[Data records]
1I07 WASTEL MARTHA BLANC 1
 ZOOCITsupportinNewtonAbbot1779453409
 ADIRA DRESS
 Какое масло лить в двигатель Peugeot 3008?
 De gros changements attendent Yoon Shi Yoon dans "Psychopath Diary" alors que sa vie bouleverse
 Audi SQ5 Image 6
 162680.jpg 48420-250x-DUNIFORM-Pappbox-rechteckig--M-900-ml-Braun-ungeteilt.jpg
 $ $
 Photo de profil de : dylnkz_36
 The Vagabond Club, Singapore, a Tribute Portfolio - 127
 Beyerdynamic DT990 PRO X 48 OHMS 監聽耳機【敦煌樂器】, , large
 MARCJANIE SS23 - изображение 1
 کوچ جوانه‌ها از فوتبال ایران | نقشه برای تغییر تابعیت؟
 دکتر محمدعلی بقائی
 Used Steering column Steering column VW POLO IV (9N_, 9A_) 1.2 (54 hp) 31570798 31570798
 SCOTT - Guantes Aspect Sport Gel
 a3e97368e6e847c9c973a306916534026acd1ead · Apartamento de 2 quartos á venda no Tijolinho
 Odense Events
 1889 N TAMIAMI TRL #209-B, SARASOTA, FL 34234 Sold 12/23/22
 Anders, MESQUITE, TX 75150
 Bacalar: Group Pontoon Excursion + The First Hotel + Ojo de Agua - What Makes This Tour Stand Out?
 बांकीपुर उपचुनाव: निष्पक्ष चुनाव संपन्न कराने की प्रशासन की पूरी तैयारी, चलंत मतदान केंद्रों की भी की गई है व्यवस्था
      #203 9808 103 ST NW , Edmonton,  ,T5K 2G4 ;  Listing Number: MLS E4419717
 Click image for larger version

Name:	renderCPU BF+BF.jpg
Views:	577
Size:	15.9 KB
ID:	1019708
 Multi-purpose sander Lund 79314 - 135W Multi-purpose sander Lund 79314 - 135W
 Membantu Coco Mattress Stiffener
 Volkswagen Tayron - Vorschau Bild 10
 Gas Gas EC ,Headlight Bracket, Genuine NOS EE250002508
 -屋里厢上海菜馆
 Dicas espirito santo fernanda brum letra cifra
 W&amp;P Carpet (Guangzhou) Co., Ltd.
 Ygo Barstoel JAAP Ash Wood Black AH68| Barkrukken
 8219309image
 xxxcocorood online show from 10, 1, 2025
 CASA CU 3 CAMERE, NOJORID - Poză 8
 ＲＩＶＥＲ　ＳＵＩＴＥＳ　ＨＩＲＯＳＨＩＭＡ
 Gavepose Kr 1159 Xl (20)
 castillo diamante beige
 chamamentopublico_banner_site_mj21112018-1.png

TASK GOAL:
Begin at the line containing "W&amp;P Carpet (Guangzhou) Co., Ltd." and reproduce each line through the end of the records above.

YOUR SOLUTION:
 W&amp;P Carpet (Guangzhou) Co., Ltd.
 Ygo Barstoel JAAP Ash Wood Black AH68| Barkrukken
 8219309image
 xxxcocorood online show from 10, 1, 2025
 CASA CU 3 CAMERE, NOJORID - Poză 8
 ＲＩＶＥＲ　ＳＵＩＴＥＳ　ＨＩＲＯＳＨＩＭＡ
 Gavepose Kr 1159 Xl (20)
 castillo diamante beige
 chamamentopublico_banner_site_mj21112018-1.png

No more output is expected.